Erstaunlich war, wie schnell einige Linke eine Sprach­re­gelung bereit hatten, um die Erkenntnis, was diese Ent­de­ckung für die Neu­be­wertung der jüngsten deut­schen Geschichte bedeutet, nicht an sich her­an­zu­lassen. So erklärte Oskar Negt, einer der geis­tigen Väter der 68er-Bewegung, in einem Interview allen Ernstes, die Sprin­ger­presse und die Stasi hätten jede auf ihre Weise „kri­ti­schen Aus­tausch” ver­hindert. Als ob die stu­den­ti­schen Revo­luzzer an einem “Aus­tausch“ inter­es­siert gewesen wären! Sie wollten Springer besei­tigen, nicht mit ihm dis­ku­tieren. Die Stu­den­ten­be­wegung, behauptet Negt weiter, hätte sich immer gegen das „Ter­ror­system“ DDR aus­ge­sprochen.
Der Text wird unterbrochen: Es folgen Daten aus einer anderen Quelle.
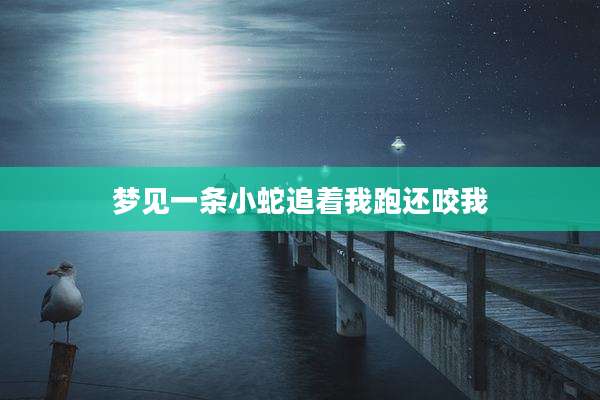 梦见一条小蛇追着我跑还咬我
Das ich nicht lache! Außer Dutschke hat sich kaum jemand zur DDR geäußert. Wo waren denn die stu­den­ti­schen Pro­teste, als in Prag sowje­tische Panzer den Versuch, einen Sozia­lismus mit mensch­lichem Gesicht zu errichten, brutal been­deten? Statt dessen hat man Bilder des Mas­sen­mörders Mao hoch­ge­halten und dem Mas­sen­mörder Pol Pot Erge­ben­heits­adressen geschickt.
Leute wie Negt unter­scheiden nicht zwi­schen einem Rechts­staat und einer Dik­tatur. Sie sprechen von „auto­ri­tären Sys­temen”, die auf „kri­tische Öffent­lich­keiten” mit Gewalt reagieren.
Die Gewalt von 1968 ging, wie sich durch die Ent­tarnung von Kurras her­aus­stellt, von einem Agenten eines tota­li­tären Systems aus, das so den Vorwand schuf für die radikale Linke, die Demo­kratie in der BRD mit Bomben und Gewehren zu bekämpfen.
Dass die 68er-Bewegung die BRD tole­ranter und demo­kra­ti­scher gemacht hat, ist die Lebenslüge der Linken. Tat­sache ist, dass der Rechts­staat sich als stark genug erwies, sich nicht in den Tota­li­ta­rismus zurück­bomben zu lassen. Tota­li­ta­rismus gibt es immer noch, in Form von Aus­grenzung, Dis­kurs­ver­wei­gerung und Kam­pagnen gegen Anders­den­kende. Das ist das Erbe, das die 68er uns hin­ter­lassen haben. Die Negts sind heute so ver­knö­chert, wie einst die Polit­bü­ro­kraten. Sie werden sich auf die Dauer der Neu­in­ter­pre­tation der Geschichte nicht wider­setzten können.